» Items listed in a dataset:
┄┄┄┄┄┄┄┄┄┄┄┄┄┄┄┄┄┄┄┄

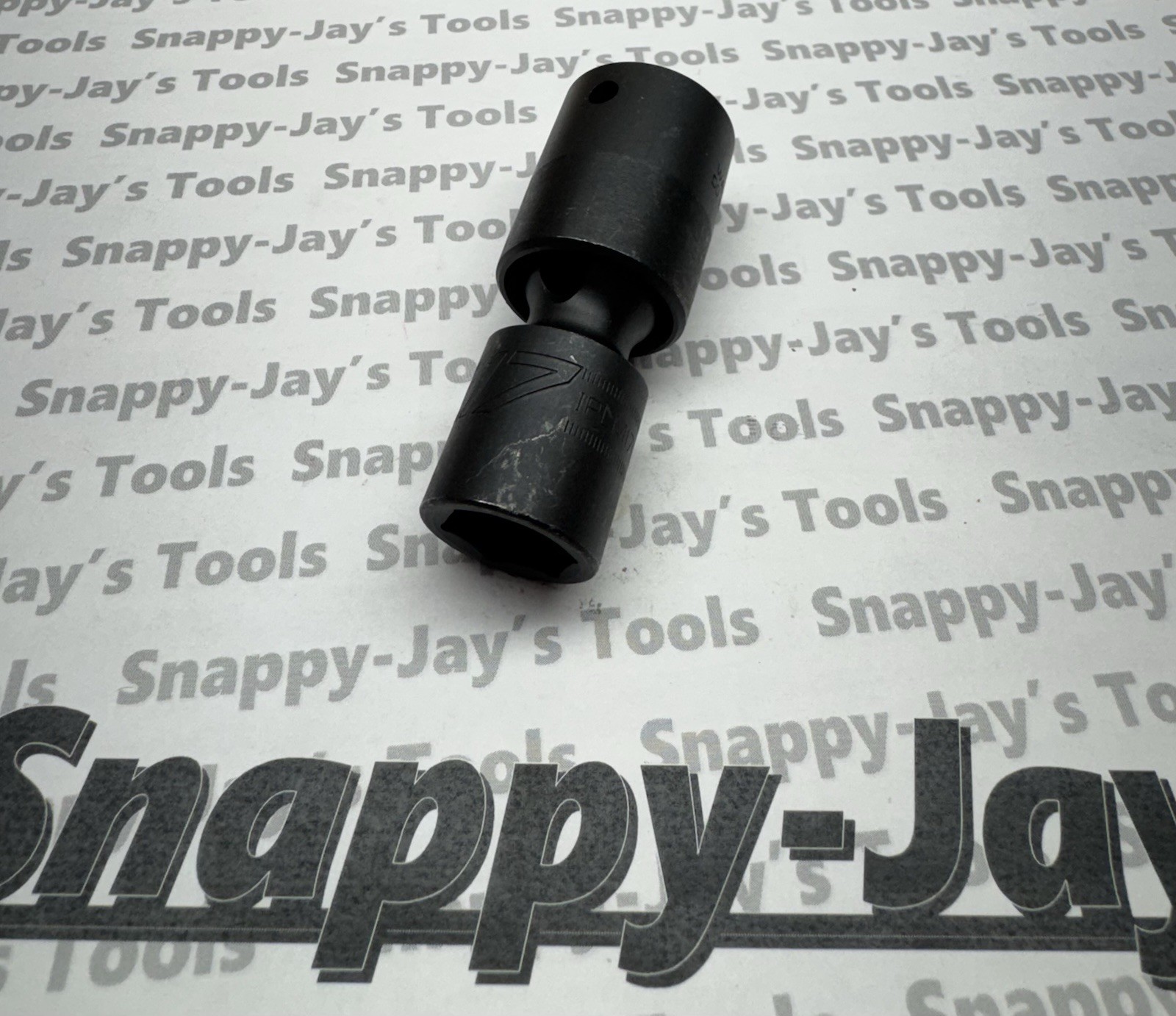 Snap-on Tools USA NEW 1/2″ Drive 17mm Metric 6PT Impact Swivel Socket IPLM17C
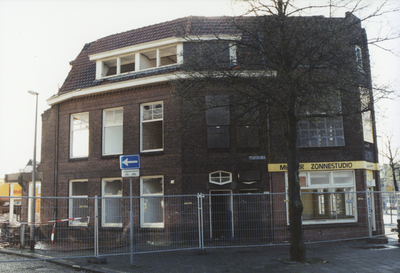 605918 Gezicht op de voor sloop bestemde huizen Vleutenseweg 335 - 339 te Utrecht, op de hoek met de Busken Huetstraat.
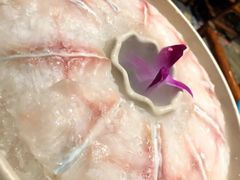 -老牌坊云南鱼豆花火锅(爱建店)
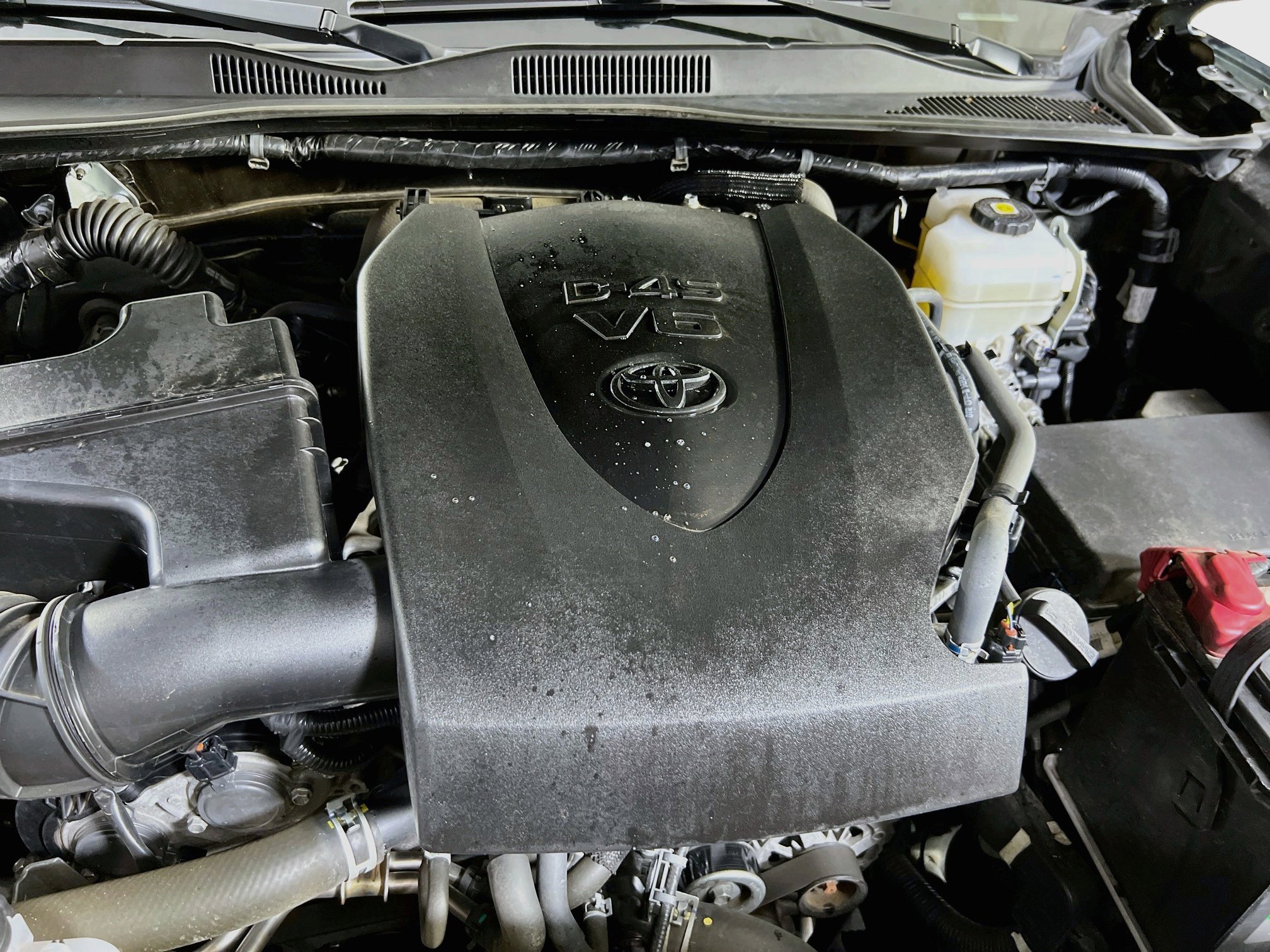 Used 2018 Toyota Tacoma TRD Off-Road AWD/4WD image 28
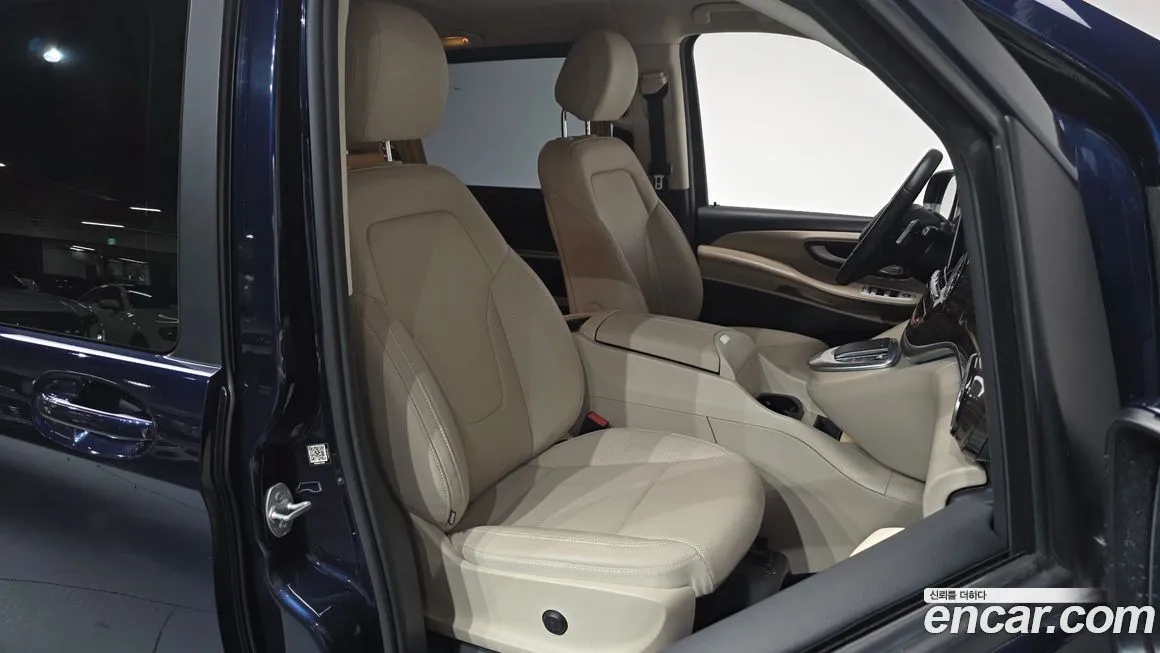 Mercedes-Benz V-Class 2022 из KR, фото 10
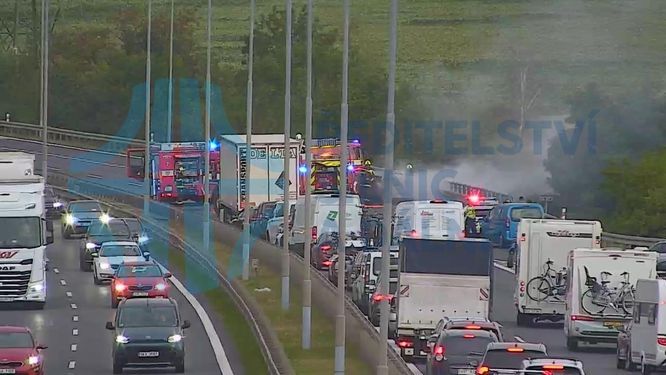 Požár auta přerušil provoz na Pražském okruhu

┄┄┄┄┄┄┄┄┄┄┄┄┄┄┄┄┄┄┄┄

» Problem: Having removed the pictures, write out the records exactly as they stand.

» Completed task:
 Snap-on Tools USA NEW 1/2″ Drive 17mm Metric 6PT Impact Swivel Socket IPLM17C
 605918 Gezicht op de voor sloop bestemde huizen Vleutenseweg 335 - 339 te Utrecht, op de hoek met de Busken Huetstraat.
 -老牌坊云南鱼豆花火锅(爱建店)
 Used 2018 Toyota Tacoma TRD Off-Road AWD/4WD image 28
 Mercedes-Benz V-Class 2022 из KR, фото 10
 Požár auta přerušil provoz na Pražském okruhu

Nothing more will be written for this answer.